O sistema cujo esforço tendia a traduzir as verdades da fé em termos
acessíveis à linguagem e à mentalidade de nosso tempo, era muito
louvável e compreensível, mas cedeu por vezes ao atrativo de um
sucesso mais fácil, quando passou em silêncio, alterando ou
atenuando alguns "dogmas difíceis". Mesmo legítima esta iniciativa
é perigosa. Não mereceria uma aceitação favorável, senão, em
apresentando a doutrina de forma acessível, se lhe conservasse toda a
sua integridade. "Que vossa palavra seja sim, sim; seja não,
não" (Mt 5,37; Tg 5,12), disse o Senhor, excluindo
toda ambigüidade.
Esta situação dramática da fé em nosso tempo, faz-nos pensar na
sábia advertência do Concílio: "A Tradição, a Escritura e o
Magistério da Igreja, por uma prudente disposição de Deus, são
de tal modo coerentes entre si e solidários, que não podem subsistir
os três, um sem outro". É verdade para a fé objetiva, para
sabermos exatamente o que devemos crer. Mas para a fé subjetiva, que
faremos, teremos ainda a fé, depois de termos ouvido, estudado,
meditado honestamente e assiduamente?
Podemos responder que sim, tendo em conta sempre o aspecto fundamental
e de certo modo perigoso da questão, a saber, que a fé constitui uma
graça: "Nem todos, diz são Paulo, escutaram o Evangelho"

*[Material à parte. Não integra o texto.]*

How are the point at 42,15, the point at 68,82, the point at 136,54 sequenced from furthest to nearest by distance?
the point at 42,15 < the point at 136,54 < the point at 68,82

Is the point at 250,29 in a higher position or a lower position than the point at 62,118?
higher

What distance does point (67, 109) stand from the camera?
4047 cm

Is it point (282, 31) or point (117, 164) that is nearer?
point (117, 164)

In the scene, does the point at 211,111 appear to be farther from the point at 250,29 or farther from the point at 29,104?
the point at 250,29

(Rom 10,16). Nestas condições que será de nós? Estaremos
entre os privilegiados que receberam o dom da fé? Respondemos que
sim, mas trata-se de um dom que é preciso conservar como precioso,
é preciso defendê-lo, apreciá-lo, vivê-lo e, ao mesmo tempo
como o homem do Evangelho, repetir sempre: "Sim, senhor, creio,
mas ajuda-me que ainda sou incrédulo" (Mc 11,24).
Queremos, caros filhos, rezar, por exemplo, assim: Senhor,
creio. Quero crer em ti. Senhor, faz que minha fé seja total, sem
reserva, que penetre minha maneira de pensar e de julgar e as coisas
divinas e as coisas humanas.
Senhor, faz que minha fé seja livre, isto é, atraia o consenso de
minha adesão pessoal, que aceite as renúncias e deveres que implica e
traduza de maneira decisiva aquilo que constitui o melhor de minha
personalidade: creio em ti, Senhor.
Senhor, faz que minha fé seja fundada, fundada numa convergência
exterior de provas e no testemunho interior do Espírito Santo,
baseada na sua luz que ilumina e que dá confiança, em suas
conclusões que tranqüilizam, na sua assimilação que repousa.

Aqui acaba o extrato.